IoT device manufacturers have by and large flooded the market with web-connected products that have little or no security measures to speak of. There remains such a focus on usability, features and time-to-market (especially with the more ubiquitous lower-end devices) that there’s a real threat to the long-term viability of the industry if it cannot achieve a balance delivering products that are as secure as they are desirable and affordable.
This current absence of effective IoT device security is increasingly empowering hackers, who use malware to remotely take command over unsuspecting connected devices. Hackers can then aggregate the bandwidth of these devices for use in botnet-powered distributed denial-of-service (DDoS) attacks, which have proven plenty capable of taking major websites and network infrastructure instantly offline. Alternatively, devices can be exploited to carry out ransomware and other malicious attacks. And, as has also been shown, IoT devices on the market have even automatically opened home router and firewall ports — essentially rolling out a red carpet for hackers, all in the name of simplicity for consumers.

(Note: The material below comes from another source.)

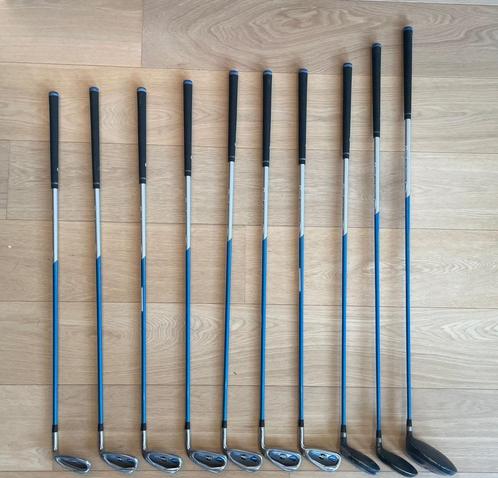 Junior Golfset MK Pro, Sport en Fitness, Golf, Gebruikt, Set, Overige merken, Ophalen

Part of the problem here is certainly the relative difficulty of updating IoT devices with more secure and current firmware. While some device vendors are beginning to provide automatic firmware updates when new vulnerabilities and exploits are recognized, many, many more IoT devices can only be updated manually or no longer have official support whatsoever. In order for updates to arrive, vendors must invest in the infrastructure necessary to develop and deliver new firmware. (This means, of course, they must also see the business value of such an investment.) More often than not, though, vendors support devices for a limited time and vendors that go out of business cannot provide further support at all. Firmware update URLs once belonging to defunct vendors could even be exploited by malicious actors to control device traffic — yet another glaring weakness to the security of these devices.
It’s critical that consumers become savvier when it comes to the IoT devices they select for purchase, thus putting pressure that might be needed to fast-track a change in these practices. But really, the onus is on the manufacturers. Device makers must collectively acknowledge the long-term value of collaborating to adopt and enforce standardization and best practices, in pursuit of a more secure IoT that stops making headlines for massive vulnerabilities and breaches. Ultimately, customer safety and an internet safe from future IoT botnet attacks depend on wise and decisive action by the industry stakeholders of today.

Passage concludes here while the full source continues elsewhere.